From your study of capacitor geometry, you know that a capacitor stores separated charge Q on two conductors held at a potential difference V, with capacitance C = Q/V. But a charged capacitor also stores something more tangible: electrical potential energy that can be released to do work. The three equivalent expressions U = ½QV = ½CV² = ½Q²/C all say the same thing, but each is most useful in different contexts — use ½CV² when V is fixed (like a battery-connected capacitor), and ½Q²/C when Q is fixed (like an isolated charged capacitor).
Where is this energy physically located? The field picture gives the deeper answer. Between the capacitor plates, an electric field E exists with energy density u = (ε₀/2)κᵣE², where κᵣ is the dielectric constant of any material between the plates. Integrating this energy density over the volume between the plates recovers exactly U = ½CV². This tells you that the energy is stored in the electric field itself, not on the surface charge or in the conductors. This is not merely a bookkeeping choice — it becomes essential in electrodynamics, where fields can carry energy through empty space.

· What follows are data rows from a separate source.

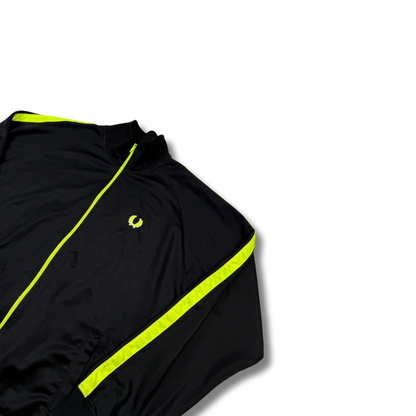 Fred Perry Trainingsjacke Schwarz (XL)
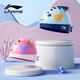 Li Ning (LI-NING) children's swimming cap cute cartoon printed silicone swimming cap for boys and girls colorful swimming cap 505 blue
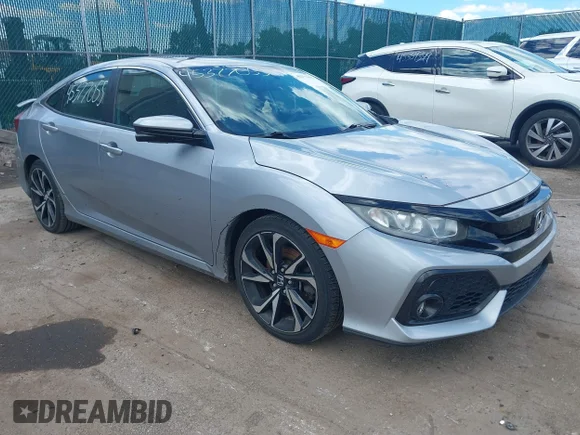 ✅ 2017 Honda Civic Si • VIN: 2HGFC1E5XHH702461 • Lot: 45377055. Listed on IAAI with 65,378 mi. Free auction sales archive from the USA and detailed vehicle history report at DreamBid. Image 1.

The energy method for calculating forces is one of the most powerful tools that flows from this picture. Rather than finding the force by computing the electric field and then integrating pressure over a surface, you can differentiate the stored energy with respect to the relevant displacement: F = −∂U/∂d, where d is the plate separation. The sign is crucial: the force is in the direction that decreases U. For a charged capacitor with fixed charge Q (isolated), increasing d increases U (since U = Q²/2C and C decreases as d increases), so F = −∂U/∂d is negative — the plates attract each other, as expected.
The same logic explains why a dielectric is pulled into a capacitor. When a dielectric slab partially fills the gap between the plates at fixed voltage, the dielectric increases the effective capacitance of the filled portion. This increases total stored energy (U = ½CV², and C is larger). But wait — if energy increases, why is the dielectric pulled in? The resolution is that at fixed voltage, the battery does work to maintain V as C increases; the dielectric lowers the *free energy* (the energy the system can supply as mechanical work), so the net force still draws the dielectric inward. At fixed charge, the story is simpler: the dielectric lowers U directly, and the system lowers its energy by pulling the dielectric in. Both cases illustrate that forces on dielectrics arise not from direct field forces on bulk material but from energy minimization — a theme that recurs throughout electrostatics and thermodynamics.